Un encuentro breve con un animal no siempre causa problemas, pero vivir bajo el mismo techo día tras día es otra cosa.
De camino a casa, ninguno dijo una palabra.
Mil pensamientos me rondaban por la cabeza.
¿Quizá un purificador de aire ayudaría? ¿O medicamentos? ¿Tal vez prohibirle la entrada al dormitorio? Seguramente había otra solución.
Pero al entrar al piso, entendí que Lilla no buscaba alternativas.
—Bueno, ¿cuándo lo llevas?
Su voz era fría, firme.
Me detuve.
—¿Qué dijiste?
—Ya escuchaste al médico.
Si él se queda, yo empeoraré.
Tenemos que decidir qué hacer.
Sentí un nudo en el pecho.
—Lilla… Marci no es solo un gato.
Él es mi familia.
Ella puso los ojos en blanco.
—¿Y yo? ¿No soy tu familia? ¿De verdad prefieres a un animal antes que a mí?
Y entonces lo comprendí.
No era solo una alergia.
Era un ultimátum.
Si realmente me hubiera amado, al menos habría intentado buscar otra solución.
Pero no.
En sus ojos solo había un camino: el que le convenía a ella.
O Marci, o ella.
Y de repente, todo se aclaró.
La miré a los ojos y, en voz baja pero firme, dije:
—Si para ti Marci es solo un problema, quizás la que debería irse eres tú.
Lilla se quedó helada.
—¿Lo dices en serio? ¿Vas a elegirme a un gato en lugar de a mí?
Respiré hondo.
—Elijo la lealtad.
Elijo a quien nunca me obligó a escoger entre él y alguien más.
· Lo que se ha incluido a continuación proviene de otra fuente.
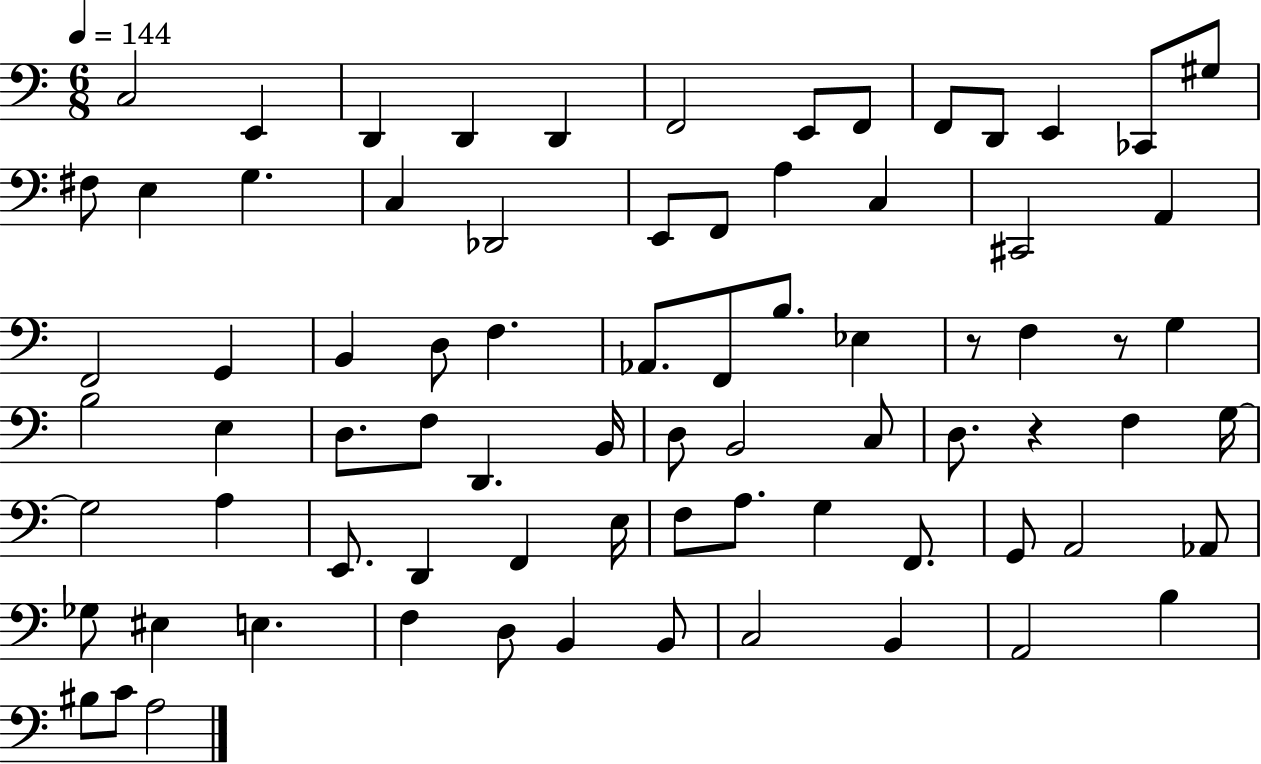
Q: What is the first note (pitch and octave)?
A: C3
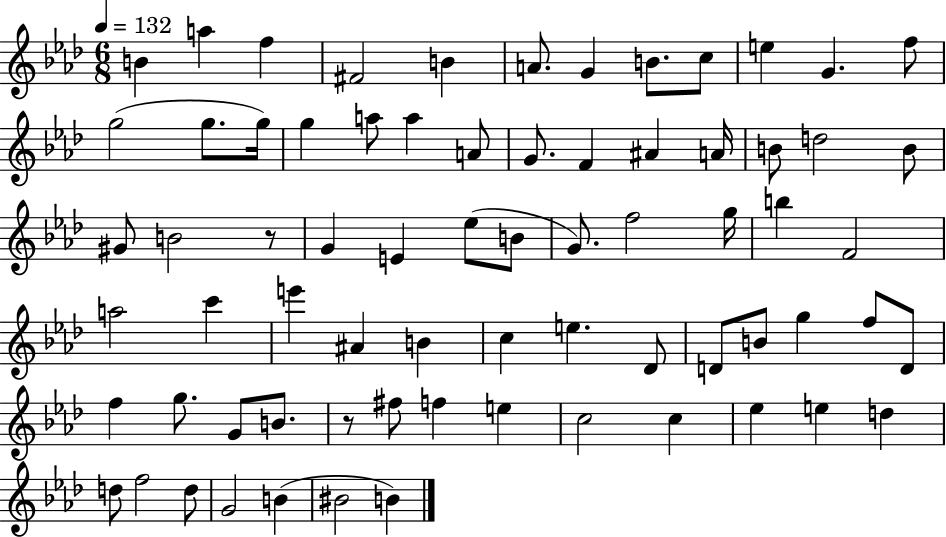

Por un instante me miró como si aún esperara que cambiara de opinión.
Pero yo ya sabía la respuesta.
En silencio se dio la vuelta y comenzó a hacer las maletas.
Me quedé allí, mirando cómo metía la ropa en la maleta, y en vez de tristeza… sentí alivio.
Diez minutos después, ya no estaba.
El apartamento quedó en silencio.
Me senté en el sofá y noté cómo la tensión del día se disipaba poco a poco.
Entonces sentí un contacto cálido y familiar.
Marci.
Saltó a mi regazo, se acurrucó contra mí y empezó a ronronear suavemente.
Le acaricié el suave pelaje y respiré profundamente.
Porque el verdadero amor no te obliga a elegir.
El verdadero amor no exige que sacrifiques quién eres.
Y no, ni por un instante me arrepentí de mi decisión.
Porque, a diferencia de Lilla, Marci nunca me obligó a elegir entre el amor y la lealtad.